#### TASK BRIEF
Nothing but the lines from the one containing "Funny Biker Woman" through the end of the data below should appear in the answer, each exact and free of pictures.

Image-caption web data
════

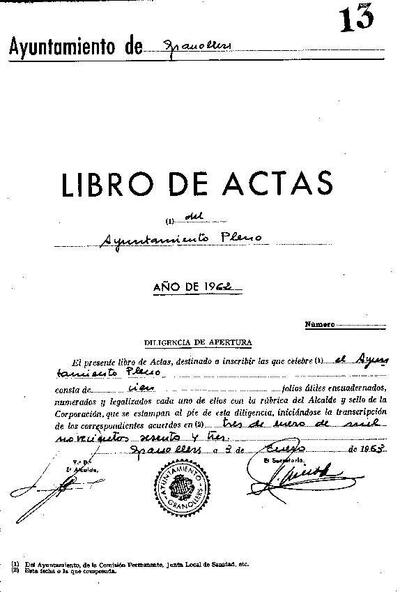 Actes del Ple Municipal, 3/1/1963, Diligència [Minutes]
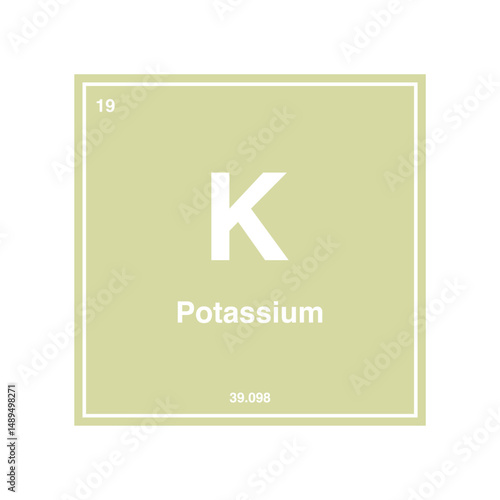 potassium periodic vector isolated on transparent background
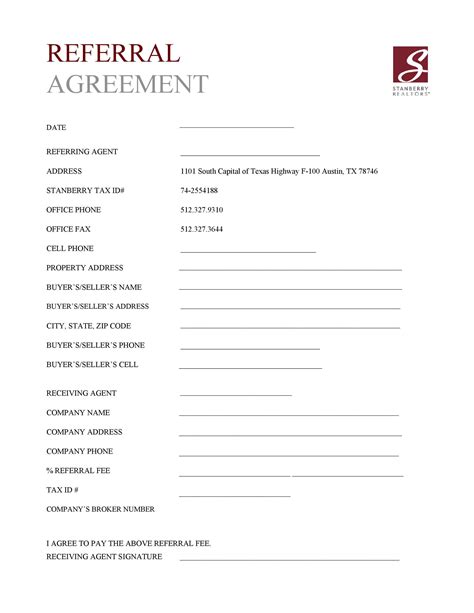 Referral Fee Agreement Template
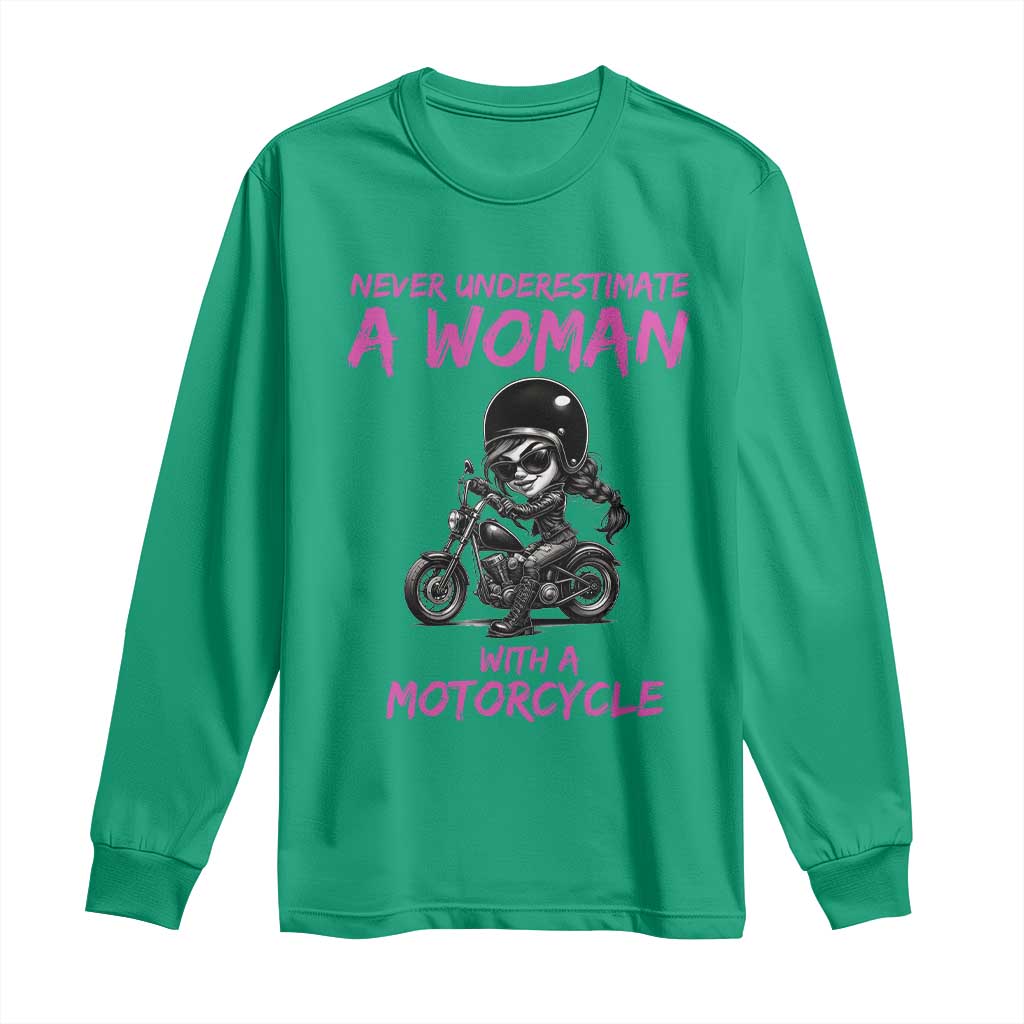 Funny Biker Woman Long Sleeve Shirt Never Underestimate A Women On A Motorcycle TS14 Irish Green Print Your Wear
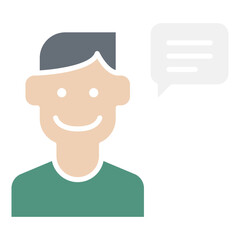 Chat icon in flat color style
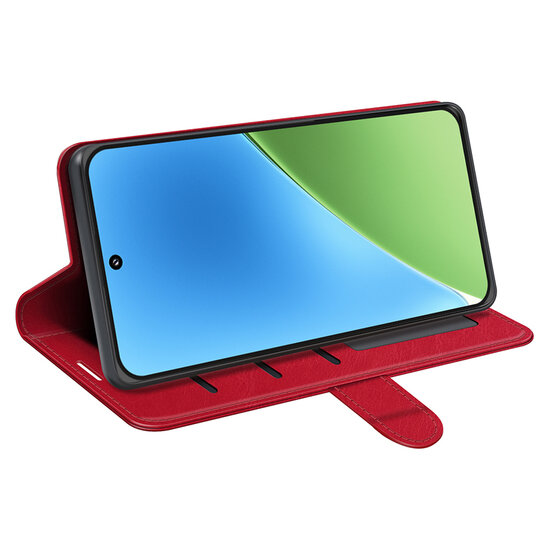 Xiaomi 15 Hoesje - MobyDefend Wallet Book Case (Sluiting Achterkant) - Rood
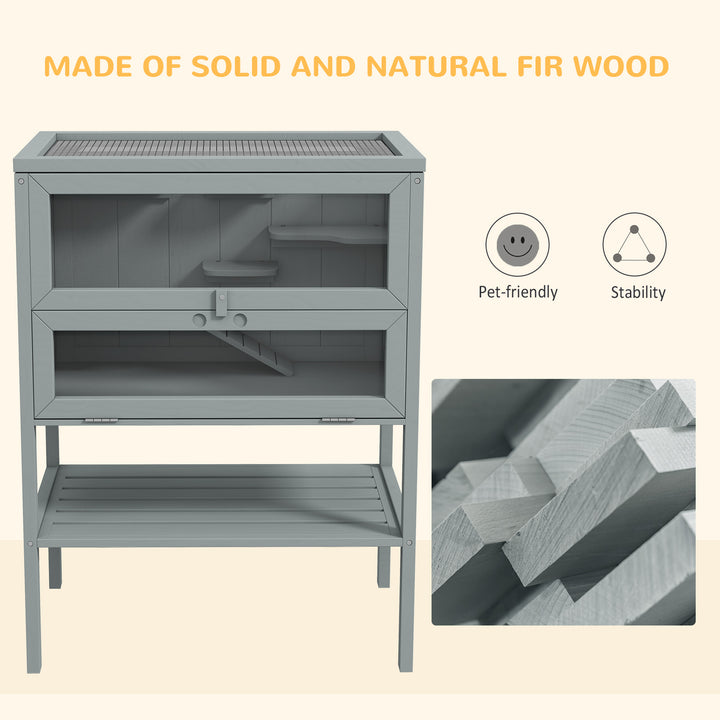 Wooden Hamster Cage 3 Tier House w/ Storage Shelf, Openable Top for Gerbils, Grey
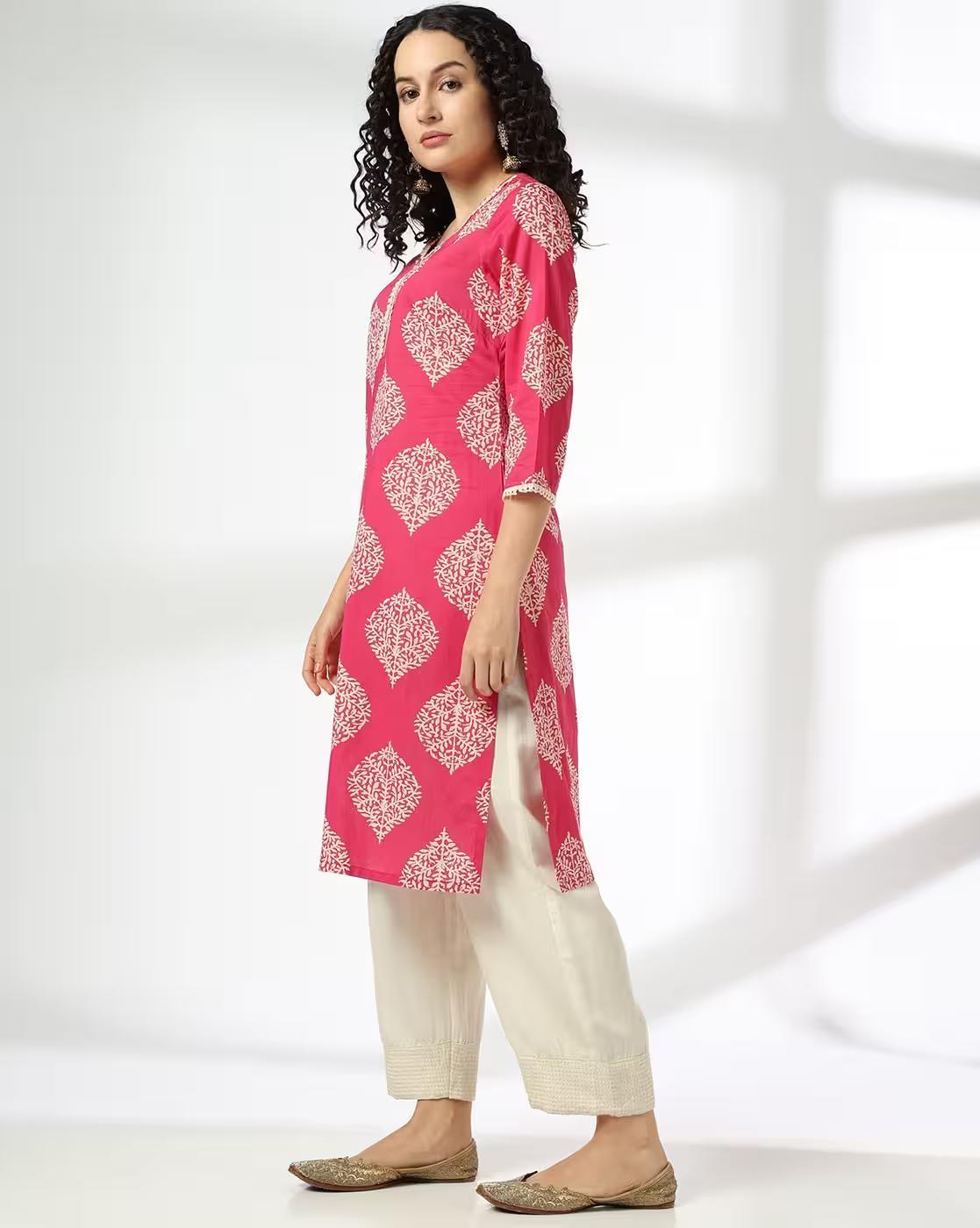 BIG JAIPURI AOP KURTA, MAGNTA/FUSHA, L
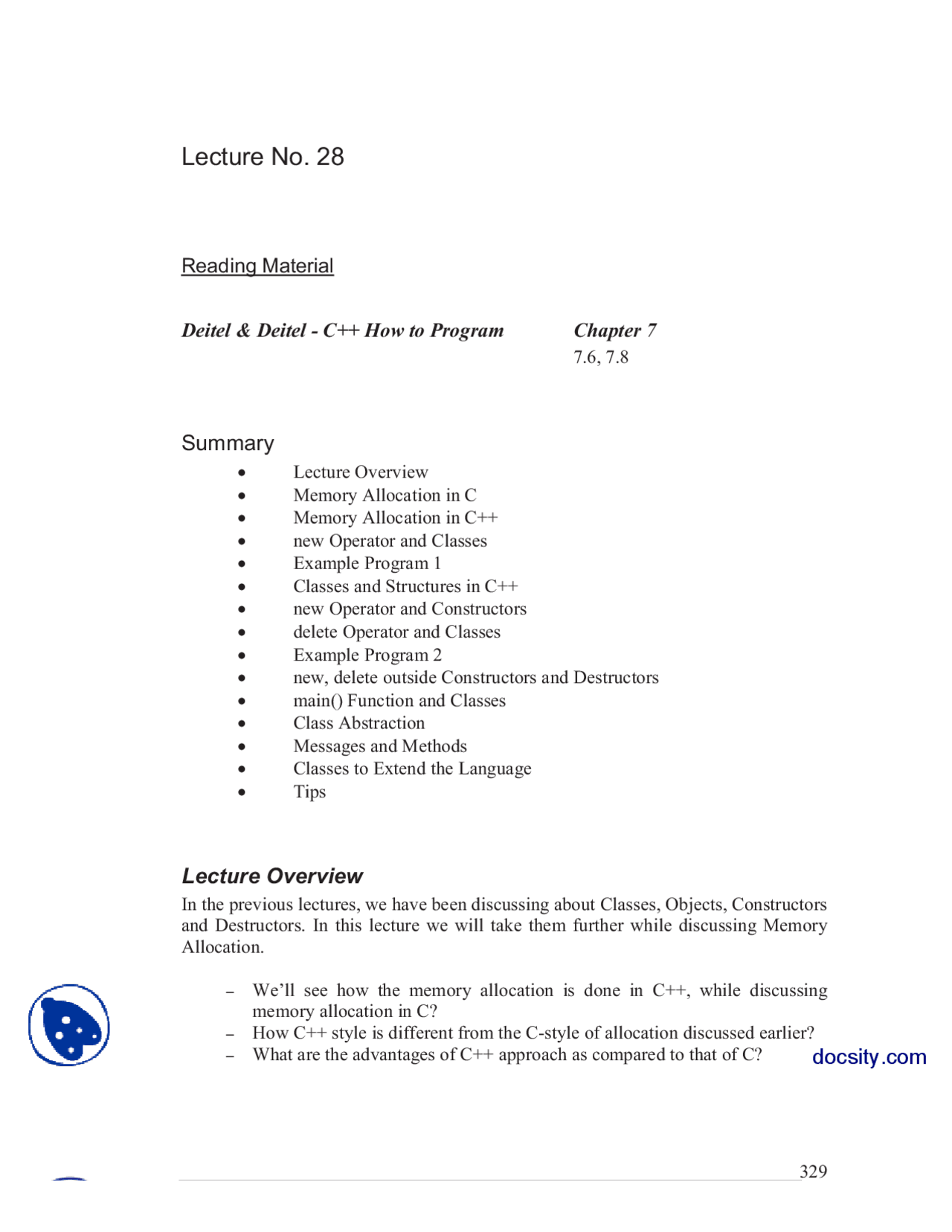 Memory Allocation In C And Cplus plus-Introduction To Programming ...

════

#### RESULT OF THE TASK
 Funny Biker Woman Long Sleeve Shirt Never Underestimate A Women On A Motorcycle TS14 Irish Green Print Your Wear
 Chat icon in flat color style
 Xiaomi 15 Hoesje - MobyDefend Wallet Book Case (Sluiting Achterkant) - Rood
 Wooden Hamster Cage 3 Tier House w/ Storage Shelf, Openable Top for Gerbils, Grey
 BIG JAIPURI AOP KURTA, MAGNTA/FUSHA, L
 Memory Allocation In C And Cplus plus-Introduction To Programming ...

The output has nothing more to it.